Film release marks 50 years of 24-hour orienteering event Twalk
From trespassing to costumes, a new film marks how much has changed since orienteering event Twalk began 50 years ago.
Twalk differentiates itself from other orienteering or rogaining events with the way cryptic clues or codes are used for people to meet their objective. It is also a 24-hour walk, forming the origin of its name.
Greg Martin brought the idea back to his fellow students at the University of Canterbury, after an exchange to a Melbourne university.
"He organised the first Twalk and didn't ask the land owners," Pete Squires, one of the event's pioneering members, said.

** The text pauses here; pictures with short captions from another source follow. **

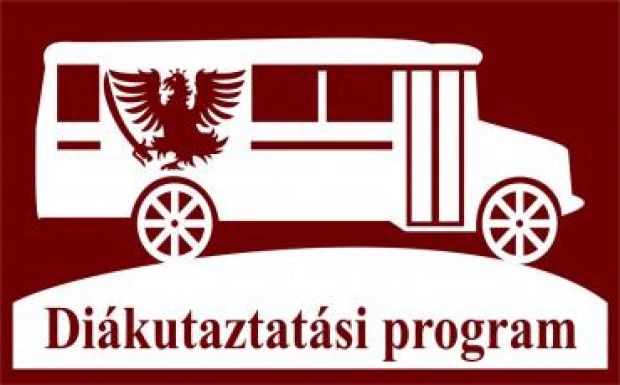 A Rákóczi Szövetség idén is meghirdeti Kárpát-medencei utazási programját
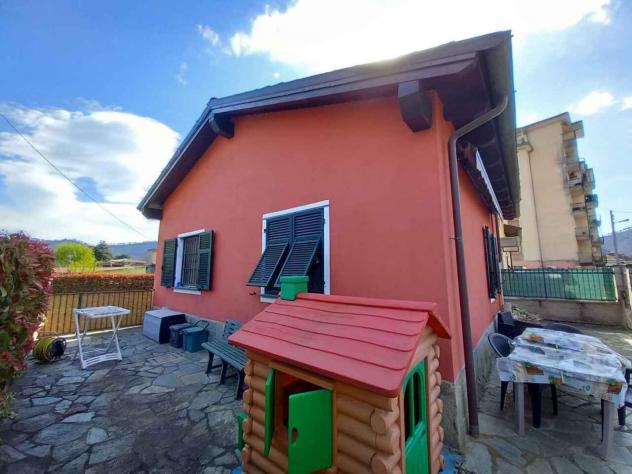 Terratetto in vendita a Brugnato - Foto 13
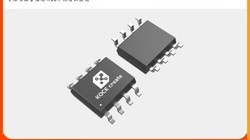 XZ75011S��Դ����8.0-100Vƽ������ģʽ��LED�������ɵ�·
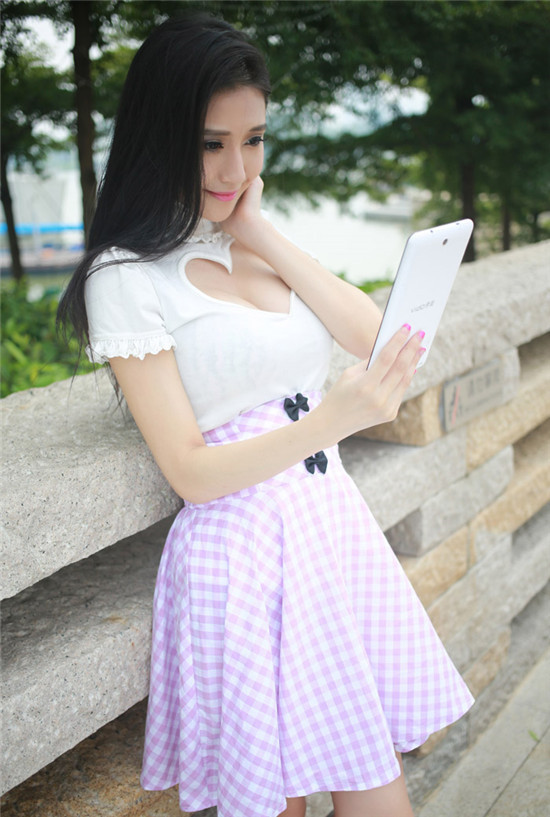勋鹿漫画肉图 勋鹿耽美纯肉图 勋鹿调教系漫画(5)(点击浏览下一张趣图)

"We were travelling, basically illegally, on private property without permission."
Squires was one of many past and present Twalkers interviewed for a film about the event's 50-year history, screening for the first time on Wednesday.

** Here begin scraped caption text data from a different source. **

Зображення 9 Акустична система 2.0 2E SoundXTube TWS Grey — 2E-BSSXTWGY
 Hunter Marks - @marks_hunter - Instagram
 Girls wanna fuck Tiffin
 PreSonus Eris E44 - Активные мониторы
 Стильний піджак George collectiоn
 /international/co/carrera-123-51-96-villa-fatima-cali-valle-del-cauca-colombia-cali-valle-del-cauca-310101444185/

50 Years of Twalk showcases some of the landscapes explored by the thousands who have embarked, with a narrative driven by those interviews.
"I think [the scenery] really adds to the film because it's the kind of event where you get to areas you usually can't, because it's private farm land," Tobi Wulff, one of the filmmakers and a Twalker since 2009, said.
"A lot of the time it's country we could never go tramping in, but we can thanks to the event."
Twalk has been run annually by the Canterbury University Tramping Club since 1967. The club's Twalk officer, Enda Walsh, said it was held in a different location, kept secret from the hundreds of contenders until it began, each year.
Walsh said there was one glaring introduction to the event, made in the late 1970s, which perhaps differentiated it from others – costumes.
"I don't know why the dressing up became a thing but, with the cryptic clues, it was part of the sillier end of Twalk. We're not looking to be Godzone here, you know."
But that did not stop people taking it seriously, with about 10 of the 57 teams involved this year contending for the top spot.
"They do not stop. They do not rest. They continue going for the whole thing . . . The winning teams this year were a hodge podge of people from all over the place."
Wulff said the concept for a film started about two months before the 2016 Twalk, and included compiling more than six hours of interviews.
The time spent putting the film together was worth the effort, he said.
"There's a lot of people that have some connection to it . . . it may be one of the longest-running events in its category.
"It's never missed a year."
50 Years of Twalk will screen at Bivouac Outdoor, Tower Junction, from 7.30pm on Wednesday. Tickets are $5 and filmgoers are encouraged to bring a chair or beanbag.